Он пулеметом строчил какие-то байки из их с Кустурицей армейской жизни, травил очень живо, без запинок, или врал это всю жизнь или действительно служил. Я многократно хлопал его по плечу, аплодировал и ржал.
Потом Наташу уже под утро забрал её парень на белых жигулях-пятерке, я шёл по застойному району, который не разбомбили когда-то американские боеракеты – никакой шёл. Часть застоя, молодой беспросветный алкаш, ничтожество, грязные джинсы, противная ухмылка. Был таким, какой был, думал о Кустурице и фильме “Помнишь ли Долли Белл”, напевал 24 000 поцелуев Челентано. Верней всего что это и был не я.
Я увидел Кустурицу несколько лет спустя, когда сам уже был совсем другой, свежий, с горящими глазами, хронически трезвый работник телевидения. Кустурица пришёл к нам на программу 8 марта, начальство дало мне маленькую камеру и сказало снимать его вход на студию, я смонтировал небольшой сюжет из кадров его фильмов, он вошёл в крутящиеся двери бизнес-центра, огромный, сумрачный, косматый, как март, готовый вот-вот раскрыться суровой весной. Я снимал его в стиле датской догмы, неотступно дрожащей рукой следовал за ним.
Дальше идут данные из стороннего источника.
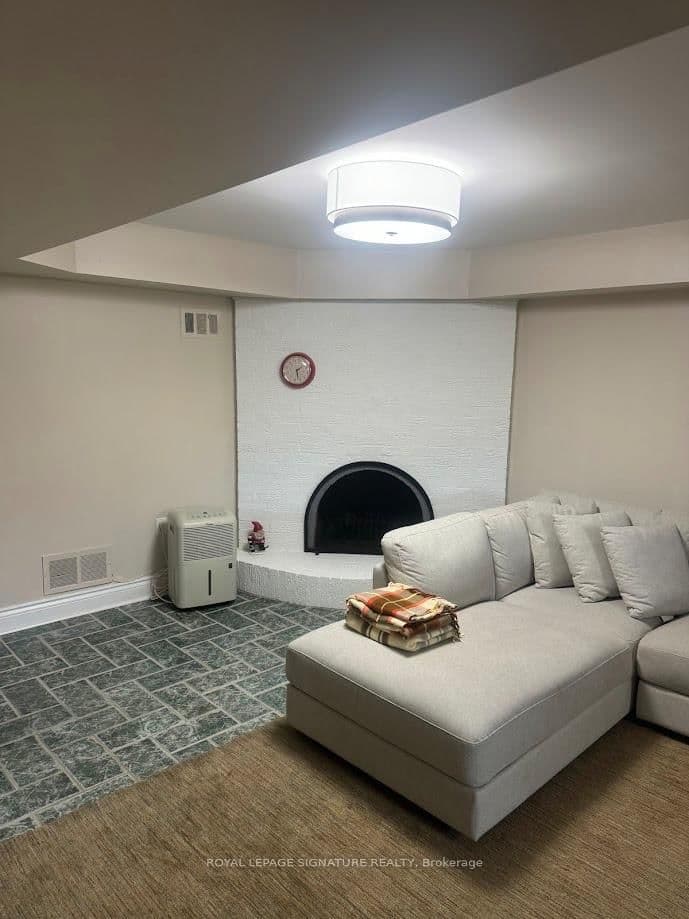 31 Whitelock Crescent, Unit Bsmt thumbnail 5
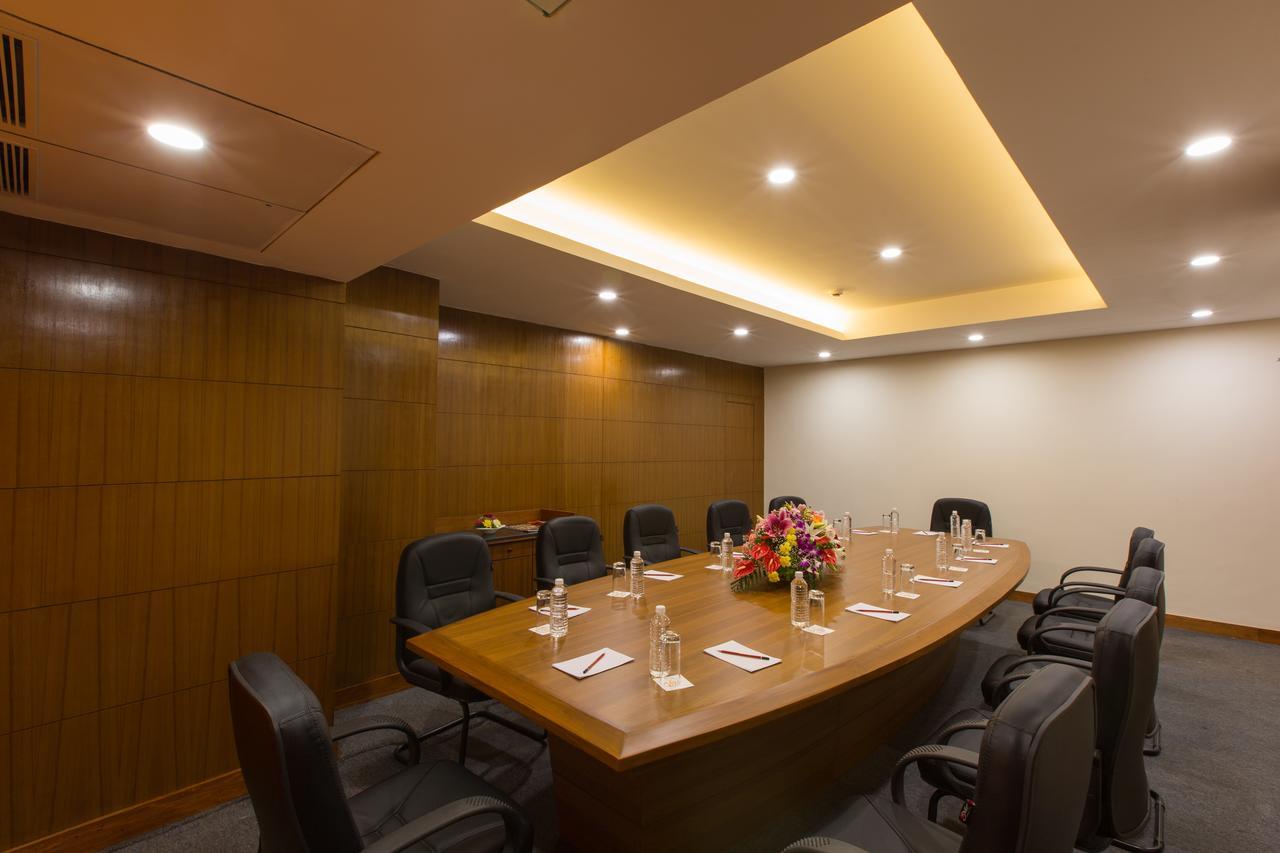 Viva Hotel Near Madgaon Railway Station Екстериор снимка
Он ковал какие-то слова в лифте. На его огромных ботинках не было шнурков. На меня нахлынуло странное чувство застоя. Никакое время не отпускает планету Земля, если где-то по улицам, бродит 19 век, если в головах людей просыпается периодически средневековье, то иногда вдруг в тебя из рандомно сложенных мелочей впивается застой конца 70-х, начала 80-х.
Прошла передача. Кустурица там всё больше рассуждал о политике. В лифте на обратном пути я снова снимал его. Неожиданно для себя, я рассказал ему не своим голосом, о странной встрече, с его однополчанином, в рюмочной на проспекте Науки. Кустурица улыбнулся. Спросил, как звали однополчанина? Я смутился. Вспомнить этого я не мог, как и не мог вспомнить ни одну из баек, рассказанных тем. Однополчанин Кустурицы в алкогольном бреду, оказался меньшей реальностью, чем сам режиссер передо мной настоящим. Алкоголь хитро прячет улики своего безумия. Камера стыдливо смотрела в пол лифта.
Была ночь 8 марта. Я почему то вспомнил, как когда то давно 8 марта снимали клип, дурацкой ню-металл группе в обшарпанной квартире в кораблях на Кустодиева. Памятник застойной эпохи. Наши районы.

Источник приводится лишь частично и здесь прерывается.